Des avocats de renom tels que Me Jehan-Denis BARBIER, Me Charles-Edouard BRAULT, Jean Pierre BLATTER et beaucoup d’autres analysent la situation au regard de la jurisprudence passée des Tribunaux et Cours.

Un assez grand nombre d’entre eux conclut que les arguments juridiques en faveur de l’annulation des loyers pendant cette période sont plus importants que ceux qui doutent ou s’opposent frontalement à cette idée.

Me Gilles HITTINGER ROUX, avocat spécialisé dans les baux commerciaux et travaillant exclusivement pour des locataires commerciaux, a adressé le 2 avril 2020 une lettre à la Garde des Sceaux au nom de sociétés de commerce exploitant dans plus de 3250 points de vente fermés pour l’inviter à faire connaître sa position dans ce débat juridique. On attends encore la réponse ….
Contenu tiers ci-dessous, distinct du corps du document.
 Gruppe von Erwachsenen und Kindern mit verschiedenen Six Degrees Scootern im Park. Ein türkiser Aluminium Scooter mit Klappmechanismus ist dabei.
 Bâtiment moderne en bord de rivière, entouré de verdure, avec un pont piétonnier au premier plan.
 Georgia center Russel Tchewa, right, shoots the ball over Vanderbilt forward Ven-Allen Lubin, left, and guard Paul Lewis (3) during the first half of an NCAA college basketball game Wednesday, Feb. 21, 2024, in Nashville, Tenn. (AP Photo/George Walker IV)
Indépendamment du caractère exceptionnel de la situation qui doit évidemment conduire les bailleurs à soutenir leurs locataires au risque de les perdre définitivement le Droit vient au secours des confinés avec les arguments suivants :

La situation actuelle ressort de la force majeure prévue par l’article 1218 du code civil ; c’est un évènement échappant au contrôle du débiteur qui ne pouvait être raisonnablement prévu lors de la conclusion du contrat et dont les effets ne peuvent être évités par des mesures appropriées qui empêche l’exécution de son obligation par le débiteur.

Il y a dans le contrat de locations deux débiteurs: le locataire qui occupe les lieux, est tenu de les exploiter et d’en payer le loyer, et le bailleur qui est tenu à une obligation de délivrance des lieux et doit assurer à son locataire une jouissance paisible du bien qu’il loue.
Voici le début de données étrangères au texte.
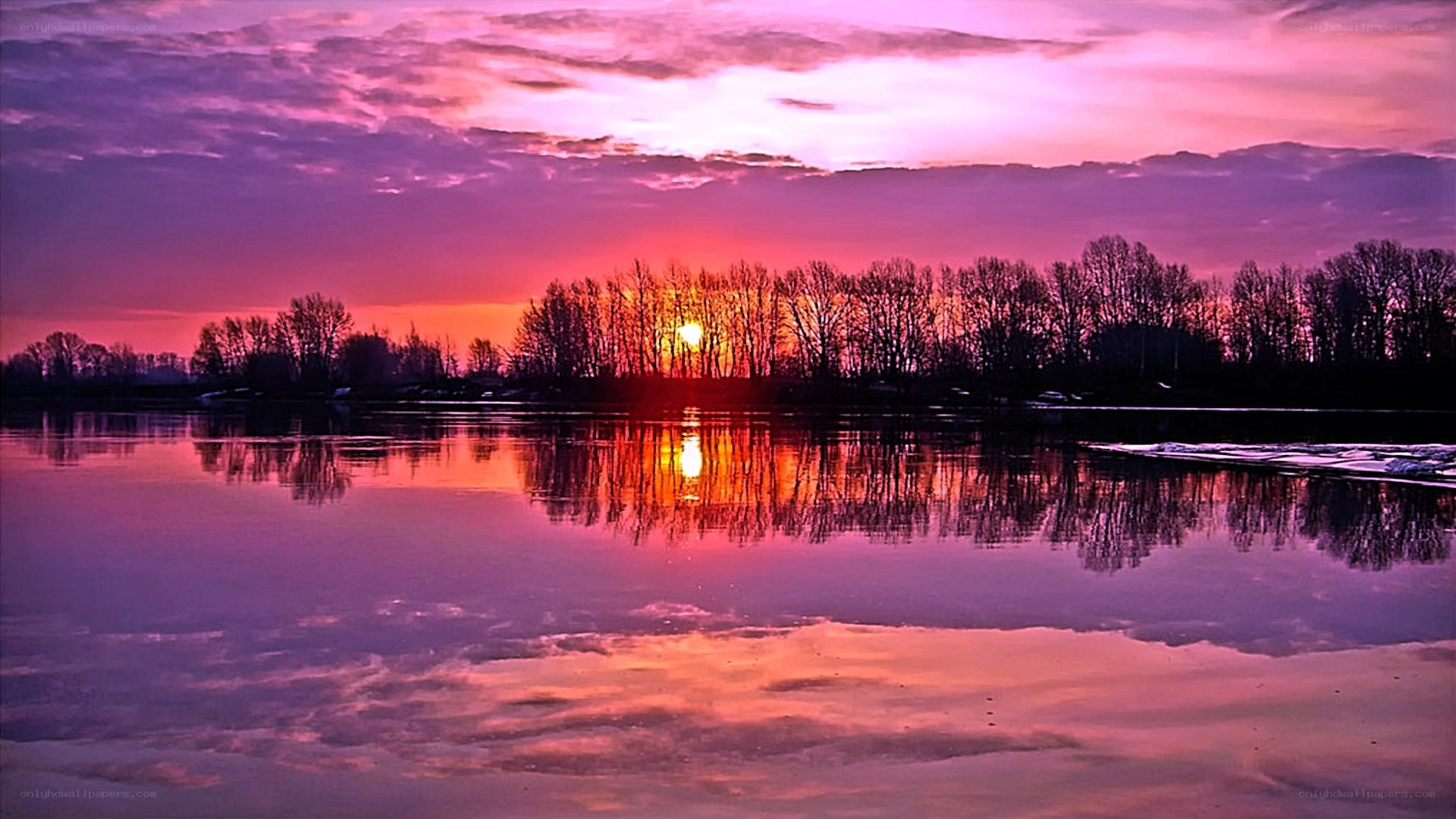 Sunset over a calm river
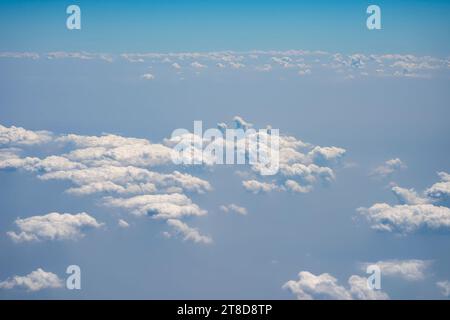 Fluffy clouds and blue sky from above the clouds, viewed from an airplane. Stock Photo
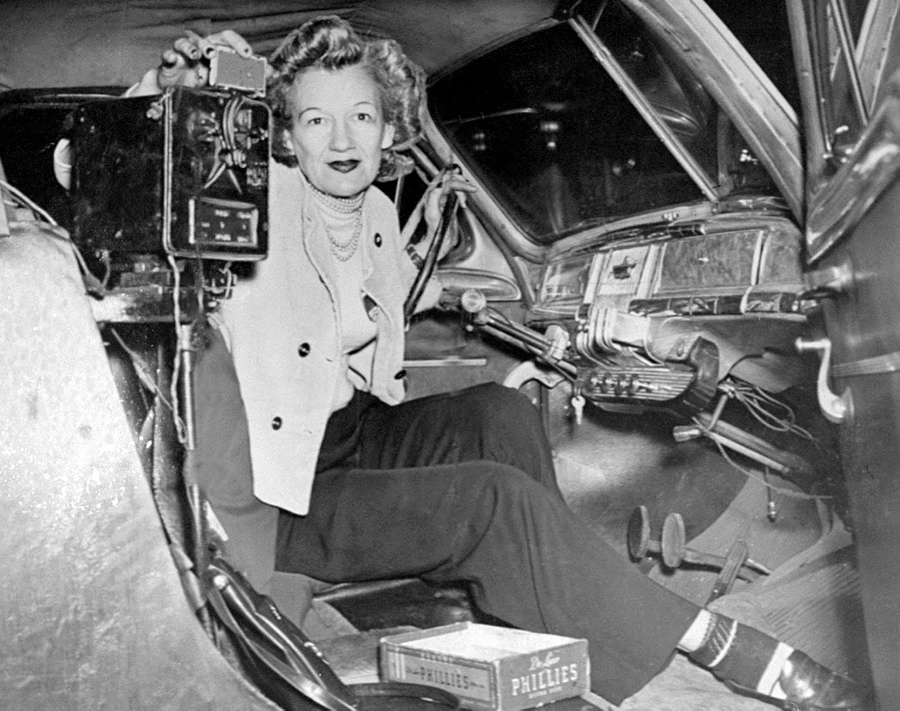 Cab driver Betty Fishbein poses for a photograph in her car.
Or dans les décisions de fermeture « administrative » des commerces empêchent purement et simplement toute exécution du contrat : outre l’absence du chaland confiné chez lui, le locataire ne peut jouir du local donné à bail.
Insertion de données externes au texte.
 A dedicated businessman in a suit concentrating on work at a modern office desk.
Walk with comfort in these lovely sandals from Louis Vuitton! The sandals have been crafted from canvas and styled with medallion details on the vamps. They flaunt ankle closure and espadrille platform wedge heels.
La suspension de l’exécution de l’obligation de délivrance du bailleur en raison d’un cas de force majeure s’impose à lui et justifie, réciproquement l’exception d’inexécution par le preneur de son obligation de paiement sur le fondement de l’article 1219 du code civil .

Ainsi et comme l’écrivent les juristes cités, l’impossibilité temporaire d’exécuter le contrat justifie sa suspension pendant la période considérée ce qui signifie que les obligations réciproques des parties disparaissent pendant cette période : pas de délivrance, pas d’exécution possible, pas de loyers dus.

Ici plus que jamais le Droit rejoint le bon sens.

Les bailleurs commerciaux institutionnels ou financiers trouveront des modalités pour rassurer leurs actionnaires ; ils oublieront le paiement des loyers pour une période somme toute courte dans la durée d’un bail commercial (quelques mois face à 9 ou 12 ans de durée du contrat) ; ils proposeront que la suspension du bail entraîne sa prorogation pour une durée équivalente de sorte que les actuaires s’y retrouvent.

On peut également penser que l’Etat et les Banques, par diverses mesures de report de mensualités et déductibilités fiscales, aidera les bailleurs pour qui cette annulation de loyers représente un effort difficile.

Mais surtout, l’annulation des loyers sauvera les actifs immobiliers déjà malmenés par la concurrence de la vente en ligne et contribuera pour une juste part au sauvetage du commerce français de détail non alimentaire.